- _MATERIAL SUPPLIED_:
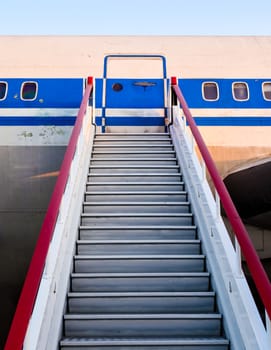 gangway of an old civilian airliner in perspective close up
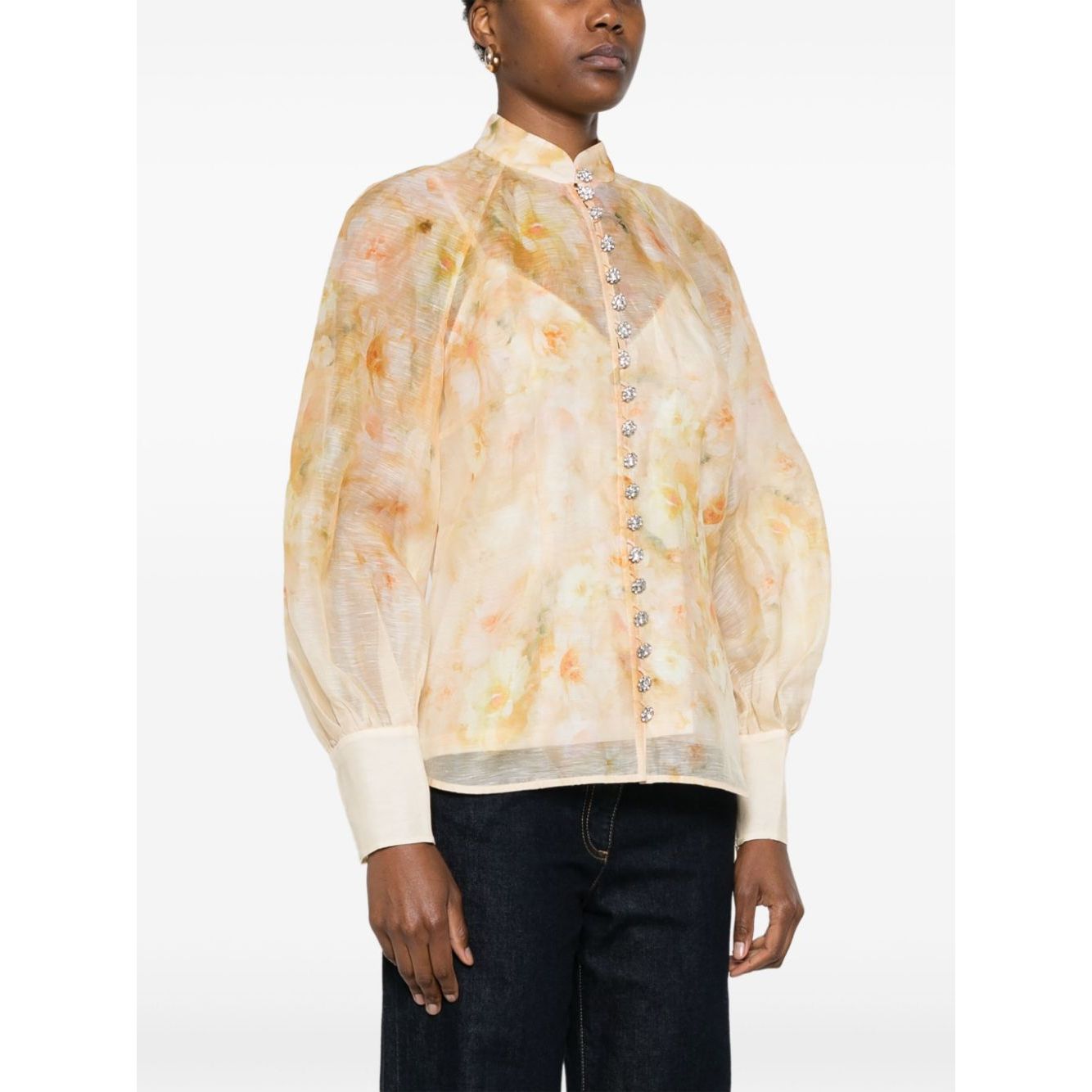 Zimmermann Crush Shirt in light yellow with floral print and crystal buttons, featuring a band collar and puff sleeves. Eco-friendly fashion piece.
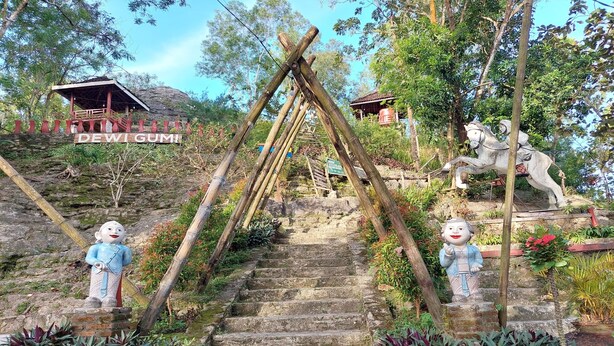 A staircase with a wooden structure at the top, surrounded by greenery and a statue. - Camping Ground Gunung Mijil Hils (Bantul)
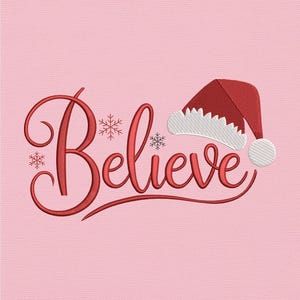 May include: A red embroidered design on a pink background. The word "Believe" is written in a cursive font, with snowflakes and a Santa hat. The hat is red with a white trim and a white pom-pom.
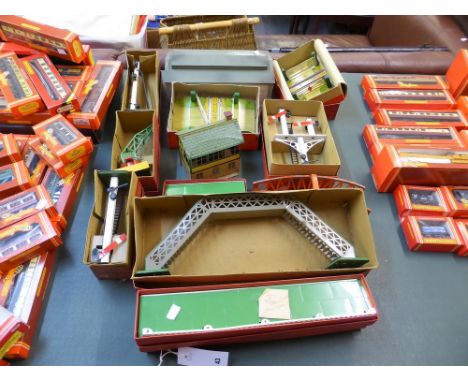 A large quantity of boxed 1950s O gauge Hornby accessories comprising No.1 Footbridge Ref No: 42310; Level crossing No.1 Ref 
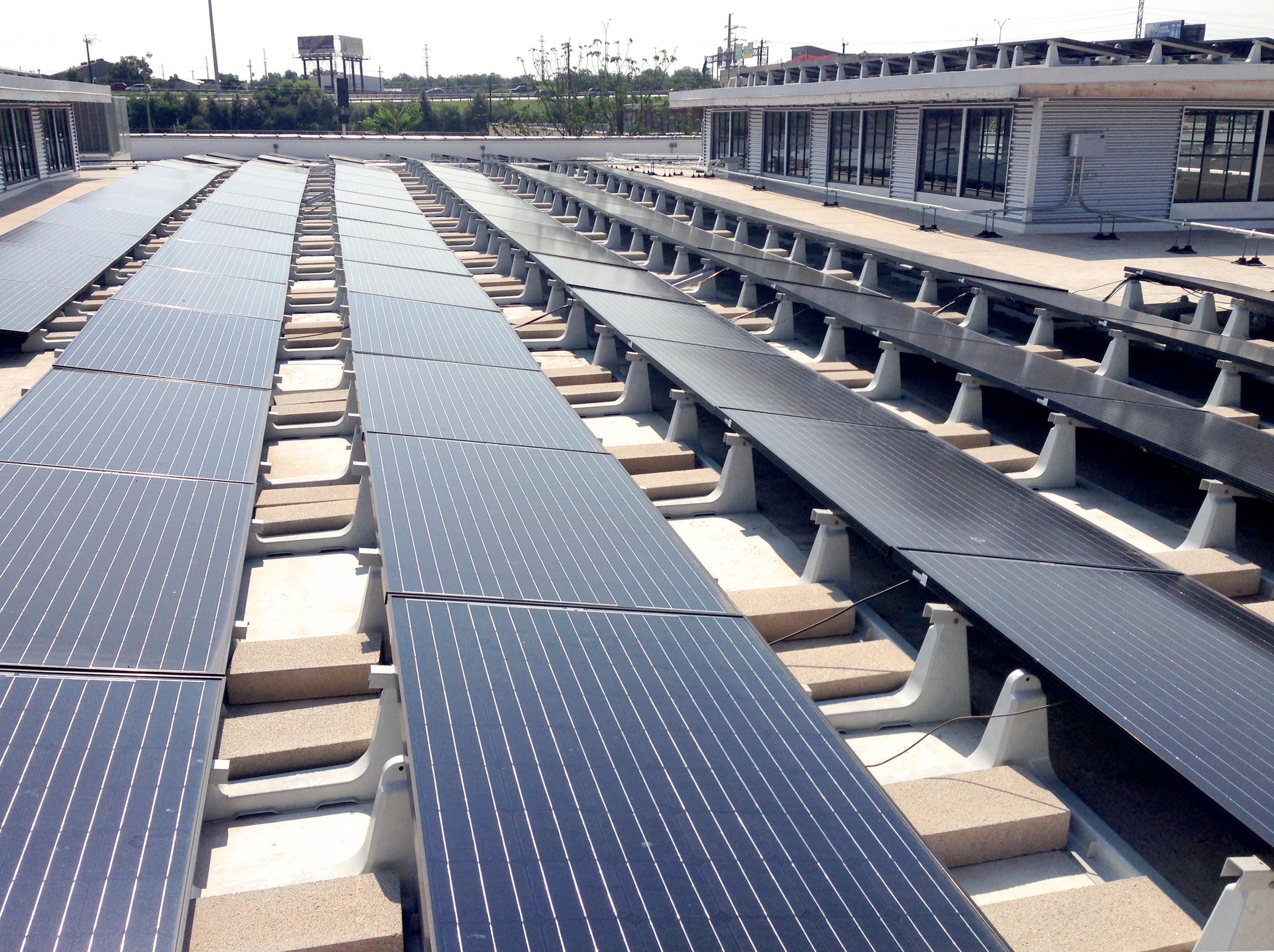 Rows of solar panels installed on a flat rooftop under a clear sky, with industrial buildings like Hughes Warehouse in the background.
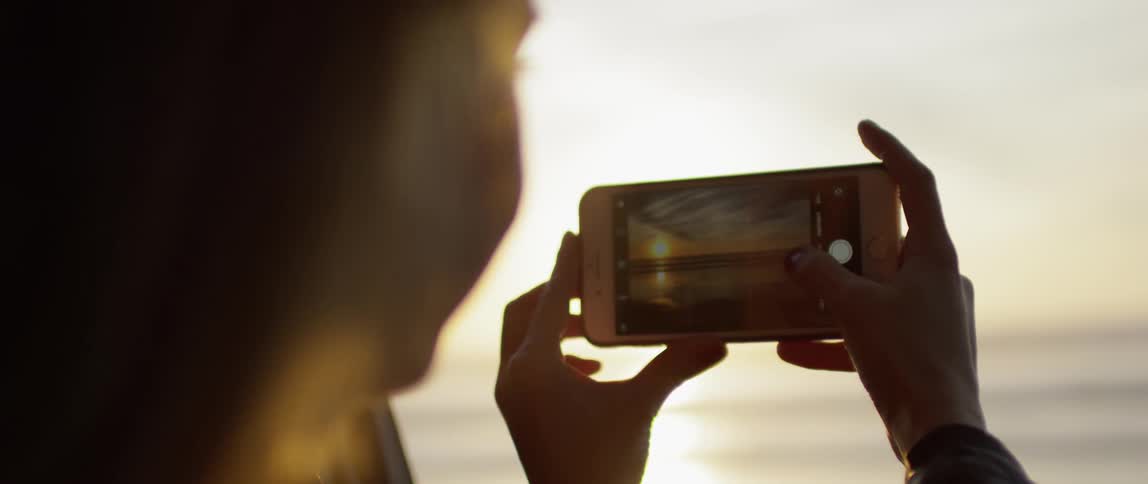 A woman holding up her phone photographs the sunset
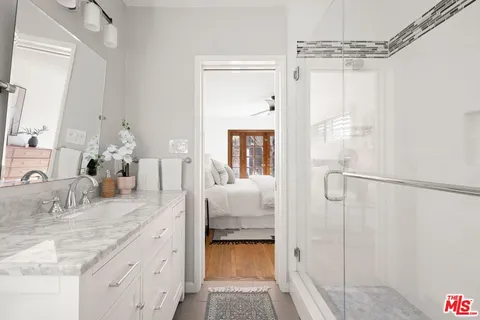 a bathroom with a granite countertop sink a mirror and shower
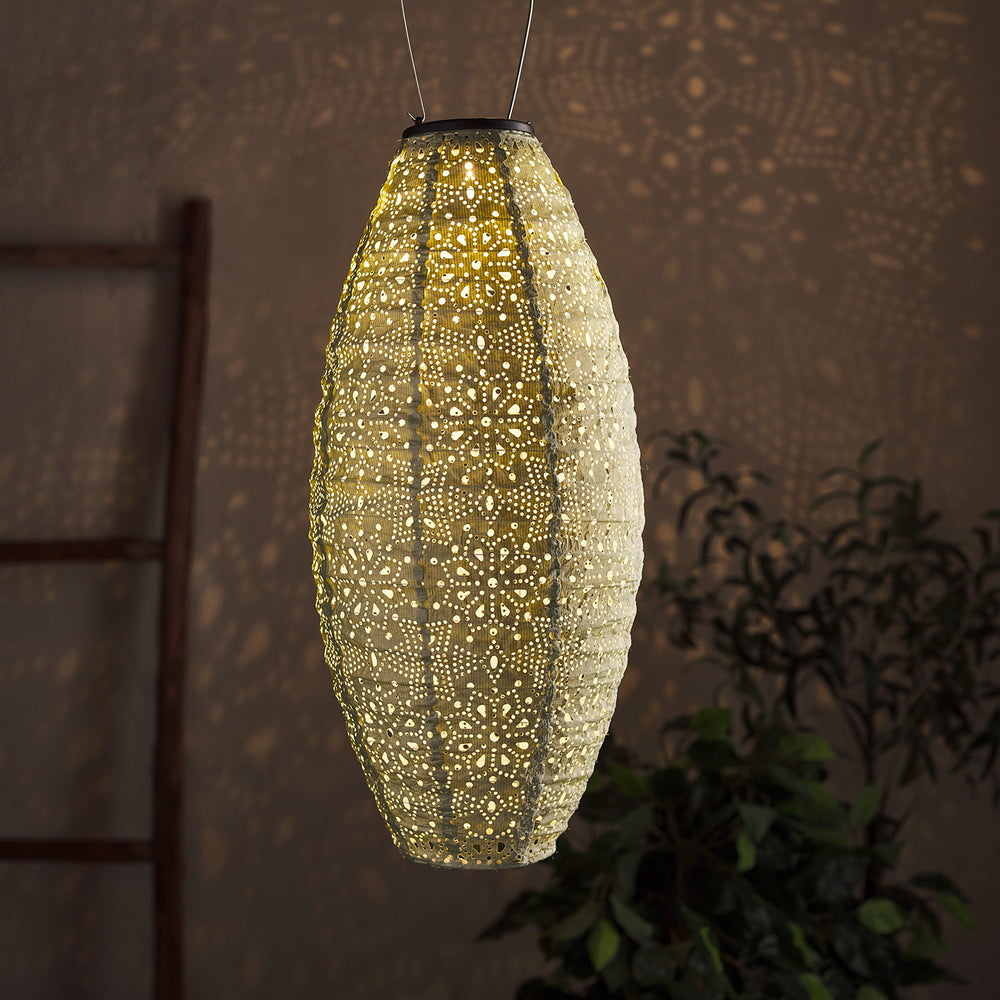 Ovaler, beleuchteter Tyvek Solar Lampion mit Muster, der Lichtmuster an Wand wirft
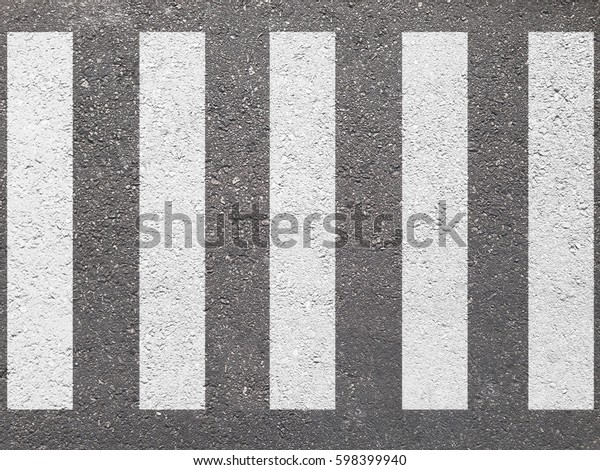 crosswalk on the road for safety when people\
walking cross the\
street.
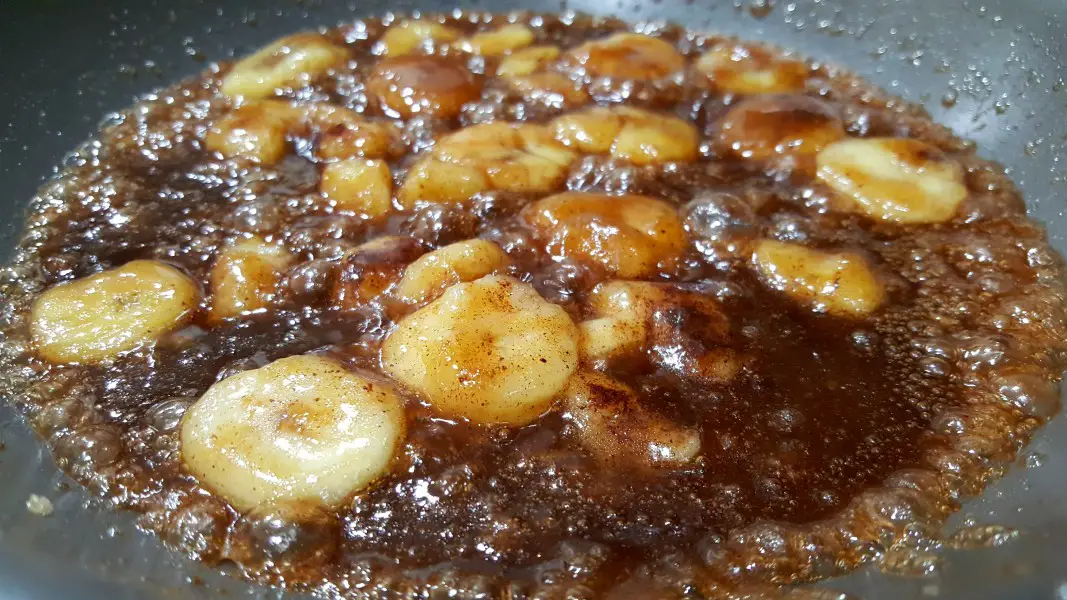 caramelized bananas cooking in a frying pan.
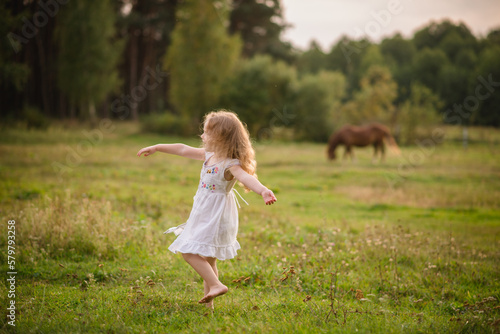 A little girl with long hair runs barefoot on the ground. Beautiful child playing at sunset in the forest in summer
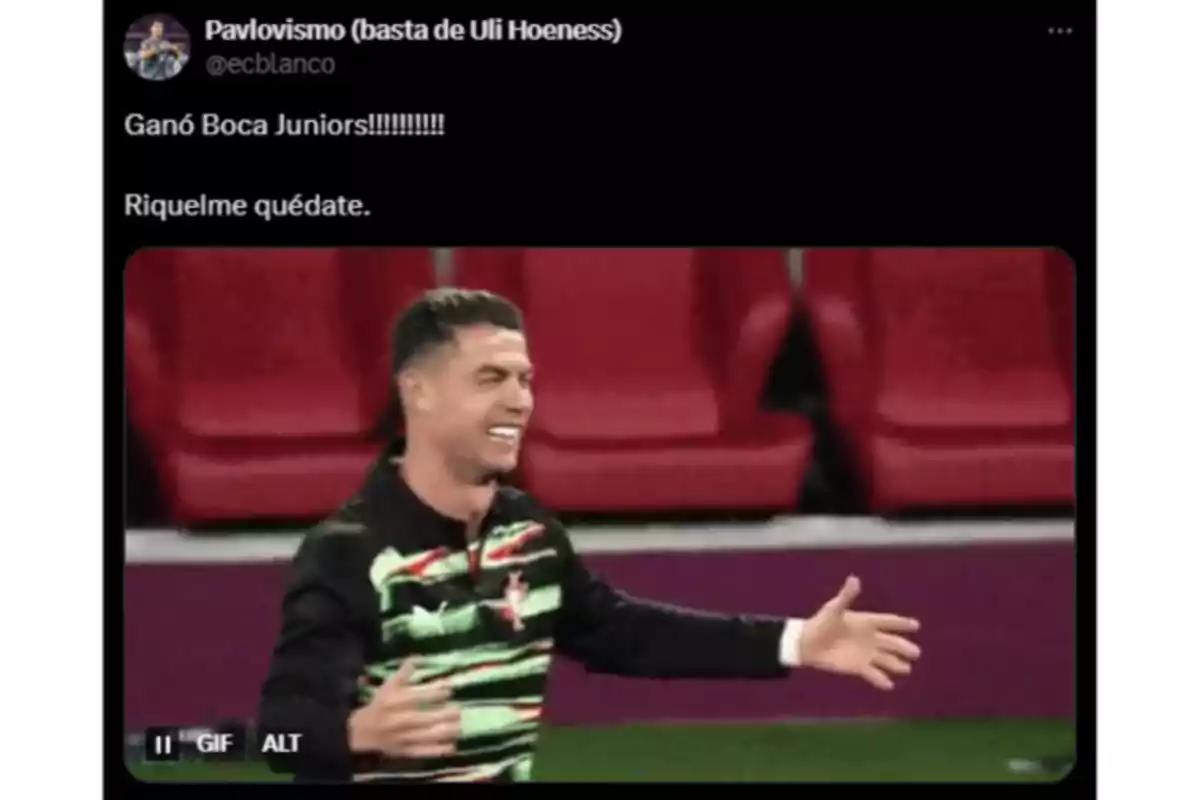 A smiling man with open arms celebrating in a stadium with red seats A smiling man with open arms celebrating in a stadium with red seats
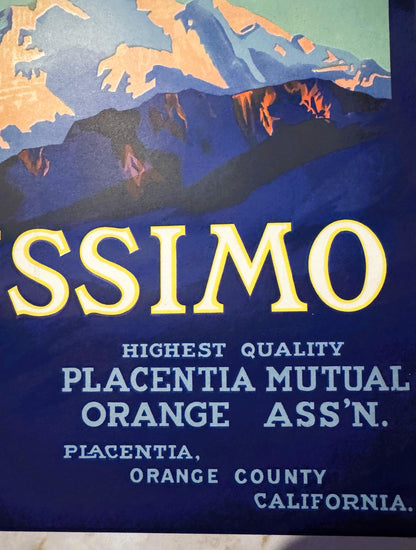 Close-up of the Altissimo crate label's right side: SSIMO in cream letters under the snowy mountains, then Highest Quality, Placentia Mutual Orange Ass'n., Placentia, Orange County, California on navy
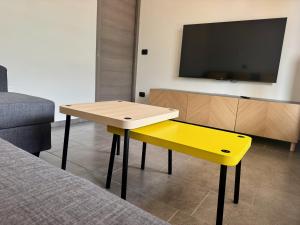 a yellow table and bench in a room with a tv at La Gare Apartments - Zerbion in Châtillon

- _YOUR ASSIGNMENT_: The answer should contain nothing but the lines from the top of the data above through the line containing "Zimmermann Crush Shirt", copied exactly, with no images.

- _EXPECTED OUTPUT_:
 gangway of an old civilian airliner in perspective close up
 Zimmermann Crush Shirt in light yellow with floral print and crystal buttons, featuring a band collar and puff sleeves. Eco-friendly fashion piece.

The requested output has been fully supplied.